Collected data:
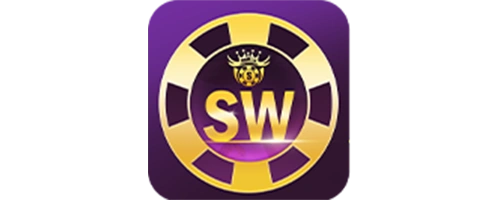 Supwin777 Okaminari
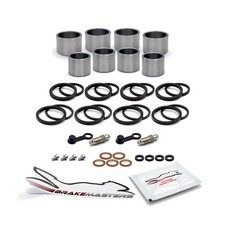 Suzuki TL1000S K1 2001 front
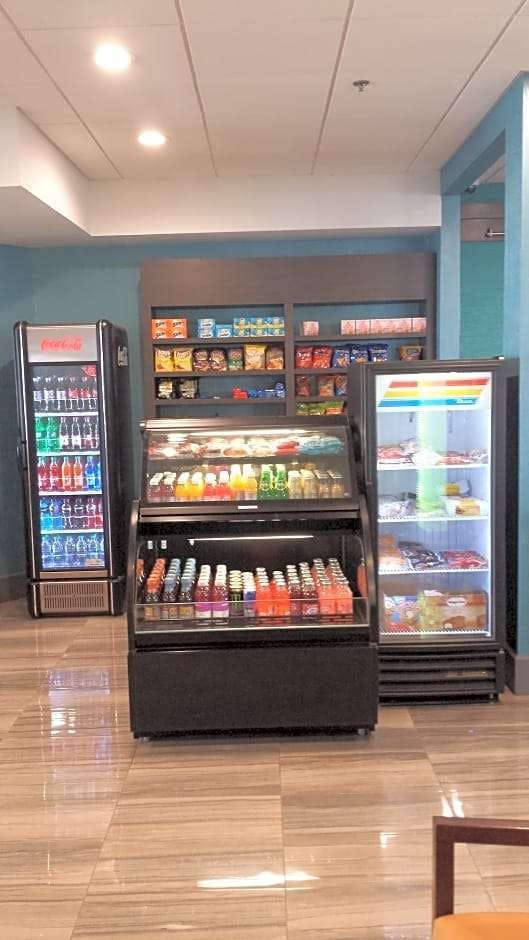 Hotel The Capitol Hotel Downtown, Ascend Hotel Collection photo 1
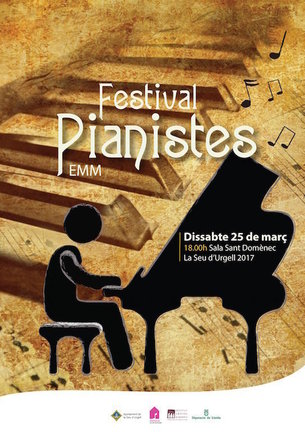 festivalpianistes2017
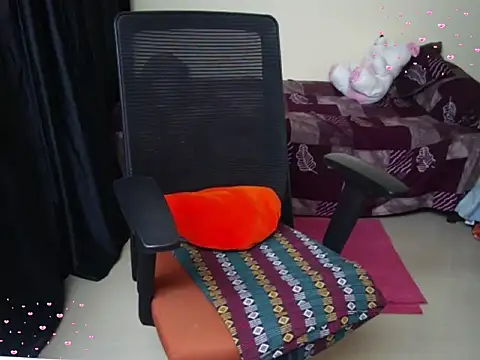 Snapshot of Arushisingh8888 chatting on 7, 2, 2026 Arushisingh8888 online show from 7, 2, 2026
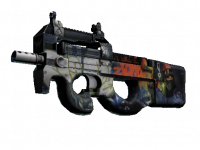 P90 Nostalgia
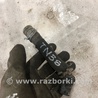 ФОТО Патрубок системы охлаждения для Audi (Ауди) A3 III 8V (12-20) Київ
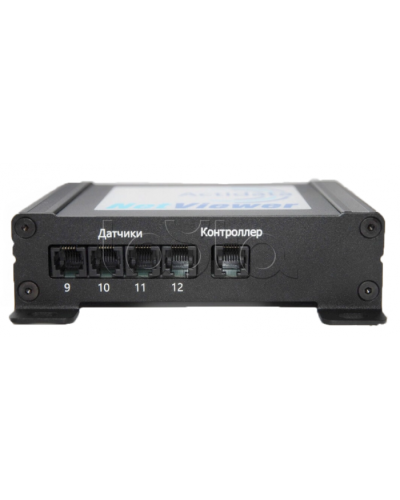 Разветвитель Actidata SPL-A в Нефтеюганске Системы передачи извещений Pintop.ru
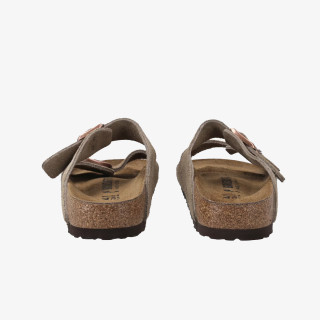 BIRKENSTOCK Чехли Arizona 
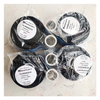 Videojet Original TTO Ribbon
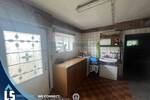 Einfamilienhaus Osterburg (Altmark) Osterburg - 4 Zimmer, 100 m&sup2;, 199.000&euro; | Angebot:26752440
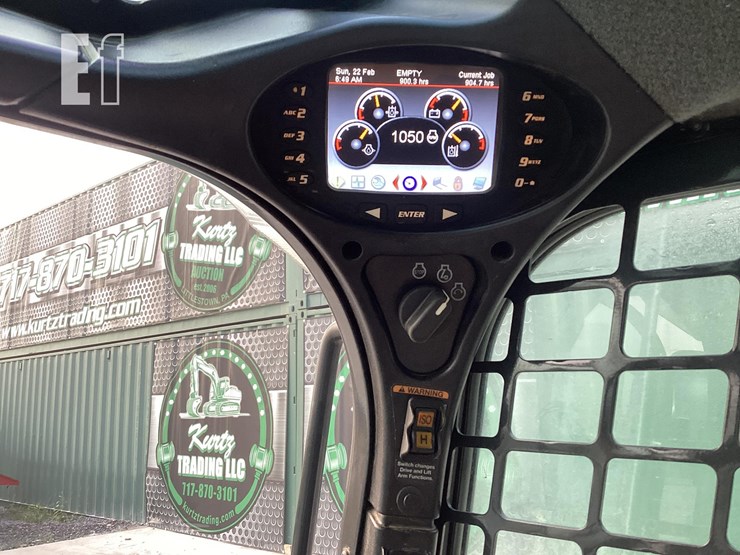 2022-bobcat-t770-image-17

# TASK DESCRIPTION
Starting at the line that contains "Разветвитель Actidata SPL-A", write out every line through the end of the entries above exactly, and omit the pictures.

# ANSWER AREA
 Разветвитель Actidata SPL-A в Нефтеюганске Системы передачи извещений Pintop.ru
 BIRKENSTOCK Чехли Arizona 
 Videojet Original TTO Ribbon
 Einfamilienhaus Osterburg (Altmark) Osterburg - 4 Zimmer, 100 m&sup2;, 199.000&euro; | Angebot:26752440
 2022-bobcat-t770-image-17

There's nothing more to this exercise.